[PROMPT]
Without including any pictures, give back all of the data exactly.

[RAW DATA]

+===+

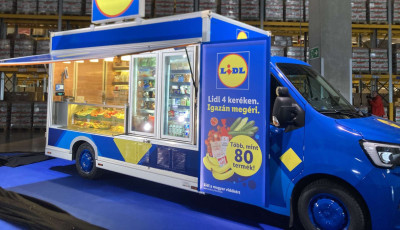 Ism&eacute;t &uacute;tnak indul a Lidl mozg&oacute;boltja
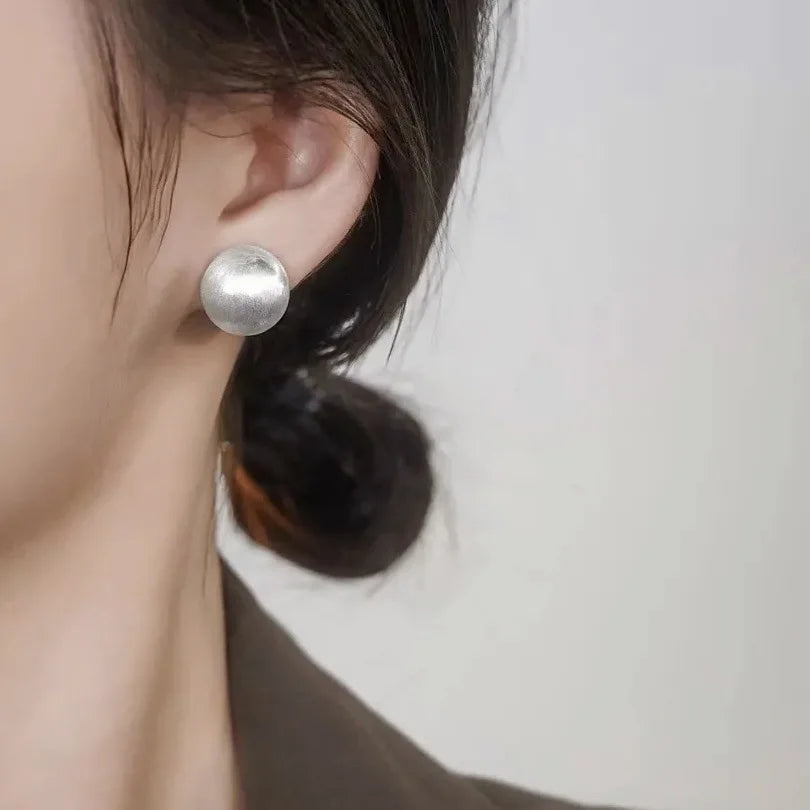 2023 New Trend S925 Sterling Silver Ins Niche Design Advanced Matte Drawing Hemispherical Stud Earrings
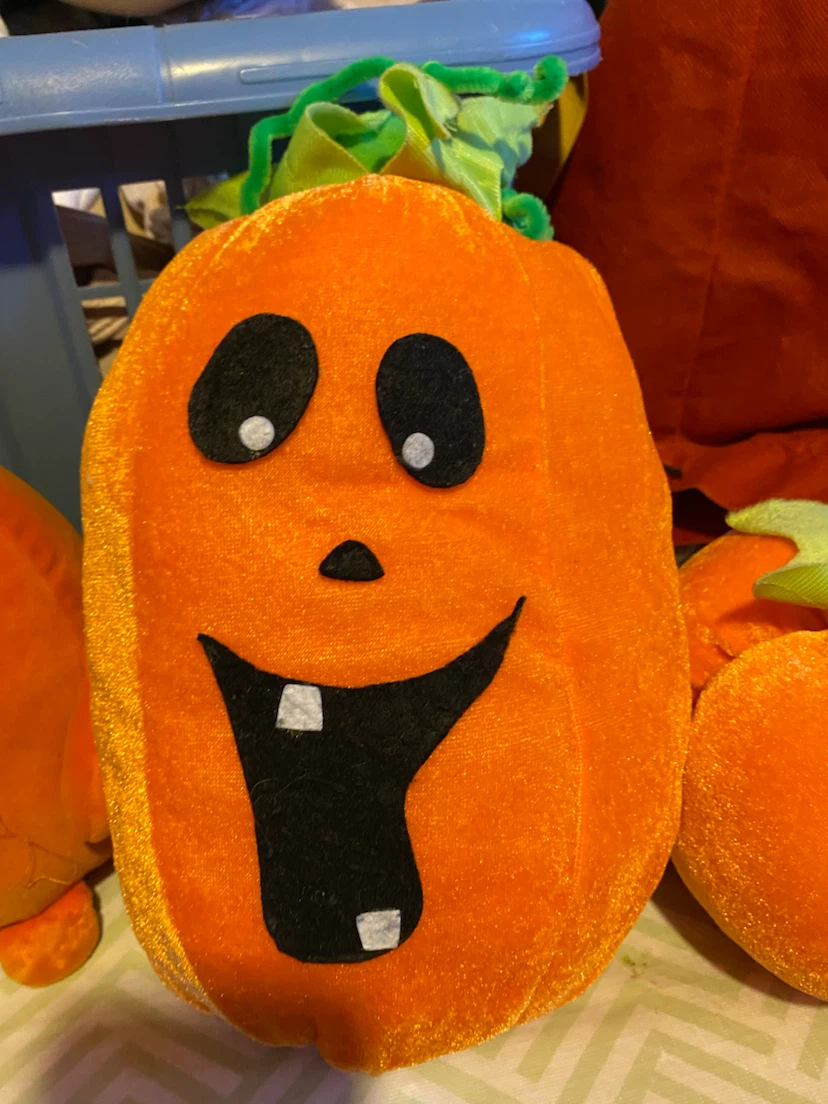 Set of three pumpkin plush toys - photo 4
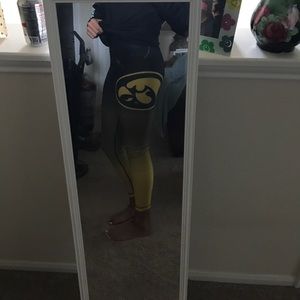 Iowa Hawkeyes leggings.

+===+

[EXPECTED ANSWER]
 Ism&eacute;t &uacute;tnak indul a Lidl mozg&oacute;boltja
 2023 New Trend S925 Sterling Silver Ins Niche Design Advanced Matte Drawing Hemispherical Stud Earrings
 Set of three pumpkin plush toys - photo 4
 Iowa Hawkeyes leggings.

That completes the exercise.